WHAT YOU ARE ASKED TO DO: Reproduce from the records below, with no pictures, exactly the lines between the one containing "1boy absurdres coat" and the one containing "Simping pietra tempio", inclusive.

ENTRIES SUPPLIED:

__________________________________________________

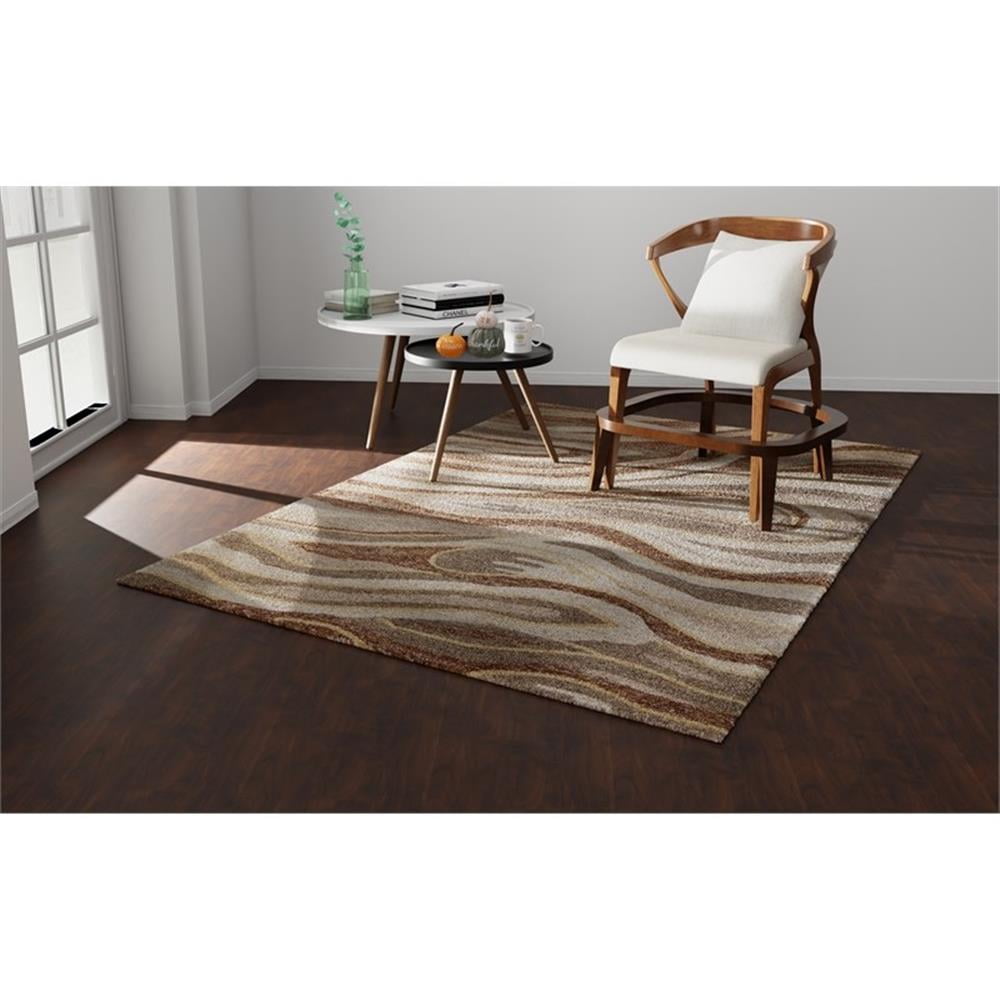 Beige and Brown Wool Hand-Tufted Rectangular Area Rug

__________________________________________________

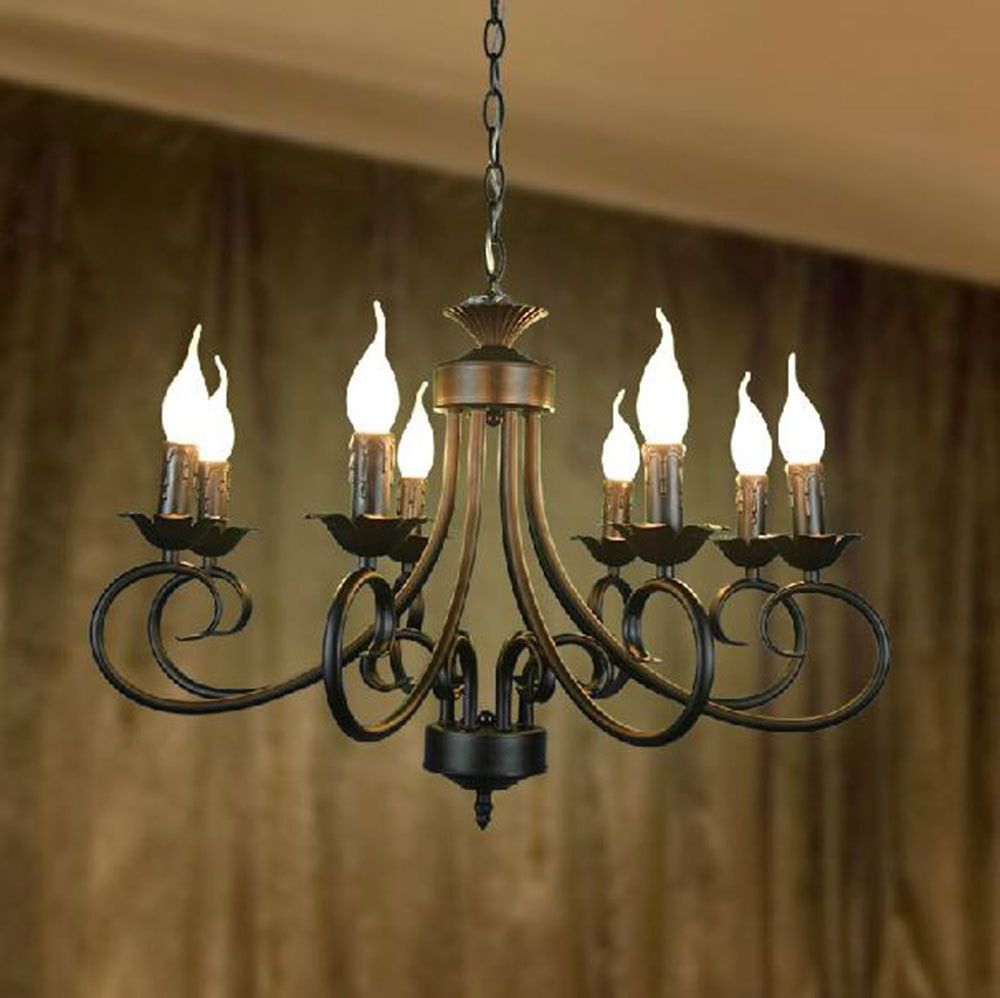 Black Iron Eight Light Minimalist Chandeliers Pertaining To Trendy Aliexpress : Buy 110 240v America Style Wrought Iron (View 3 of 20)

__________________________________________________

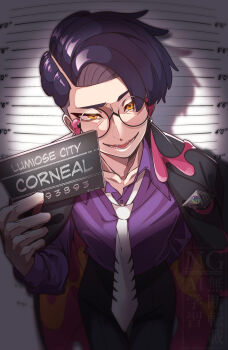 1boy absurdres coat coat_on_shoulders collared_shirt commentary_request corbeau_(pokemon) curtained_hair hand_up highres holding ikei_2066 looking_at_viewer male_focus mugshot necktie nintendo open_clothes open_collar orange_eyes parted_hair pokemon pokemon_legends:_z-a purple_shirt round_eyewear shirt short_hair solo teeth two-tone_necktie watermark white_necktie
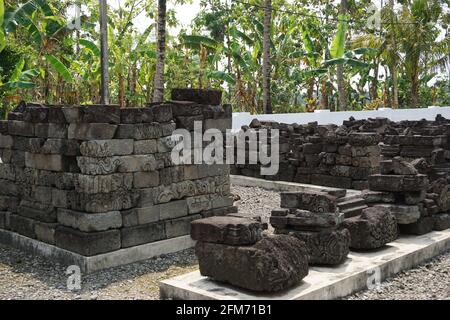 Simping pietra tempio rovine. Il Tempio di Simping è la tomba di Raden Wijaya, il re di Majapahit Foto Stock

__________________________________________________

SOLUTION FOR THIS EXERCISE:
 1boy absurdres coat coat_on_shoulders collared_shirt commentary_request corbeau_(pokemon) curtained_hair hand_up highres holding ikei_2066 looking_at_viewer male_focus mugshot necktie nintendo open_clothes open_collar orange_eyes parted_hair pokemon pokemon_legends:_z-a purple_shirt round_eyewear shirt short_hair solo teeth two-tone_necktie watermark white_necktie
 Simping pietra tempio rovine. Il Tempio di Simping è la tomba di Raden Wijaya, il re di Majapahit Foto Stock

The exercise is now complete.